Rodgers' manufacturing facility and world headquarters is located in Hillsboro, Oregon. All Rodgers organs are built in the Oregon factory. Roland Classic organs, as of 2014, are built in the Oregon factory.
On January 4, 2016, Roland Corporation agreed to the Dutch Vandeweerd family's acquisition of the American company Rodgers Instruments, effective January 15, 2016. The Vandeweerd family (Global Organ Group) already owned three other organ brands: Johannus, Makin and Copeman Hart.
Rodgers' success was largely due to their early innovations with solid state analog tone generation technology. Despite the fact that competitors such as Allen switched to digitally synthesized tone generation as early as 1971, Rodgers sold exclusively analog tone generation instruments until 1990.

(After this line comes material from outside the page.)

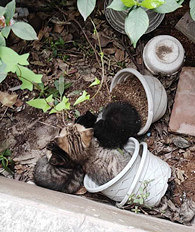 ���ճ���������è�Ҹ���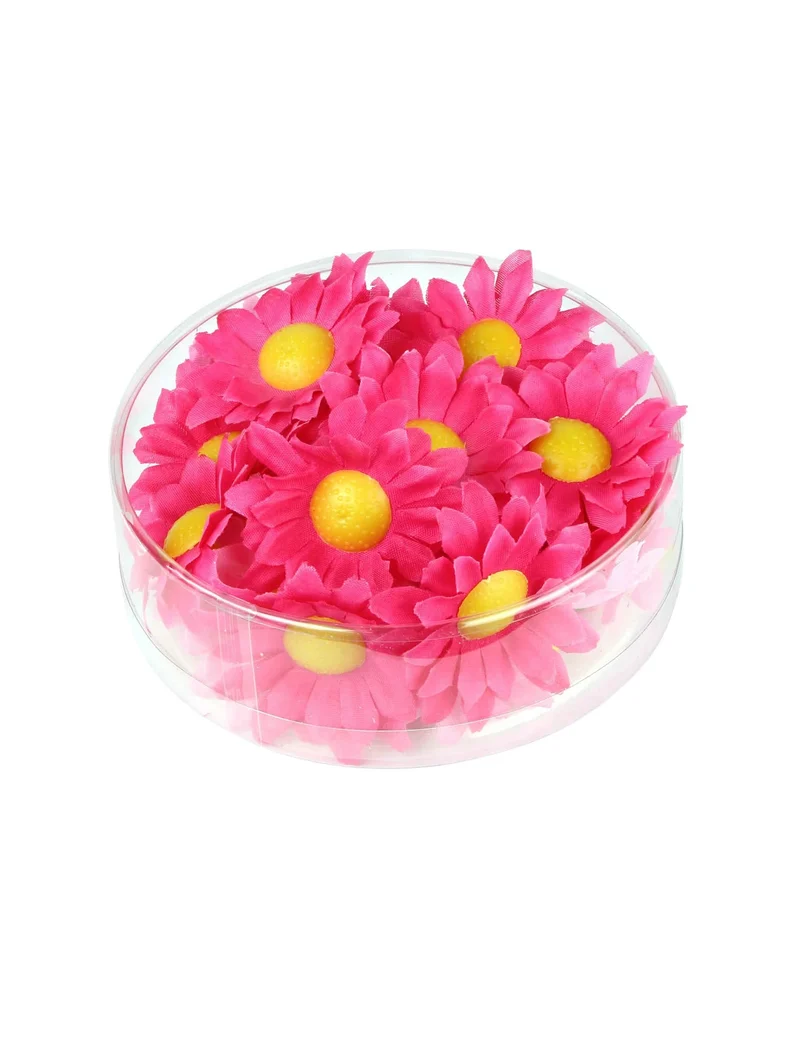 Box mit 20 rosa Margeritenblüten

Rodgers introduced its first digital organ on November 20, 1990, using a tone generation system Rodgers has dubbed Parallel Digital Imaging (PDI). Rodgers PDI organs use Roland DSPs and digitally sampled organ pipes for tone generation.
A feature introduced in 1993, which Rodgers has termed "Digital Domain Expression," offers swell box effects such as expression delays, high frequency damping and phase shifts of sound across a stereo field as expression shoes are opened or closed, similar to the effects produced by the swell shades on a pipe organ's swell box.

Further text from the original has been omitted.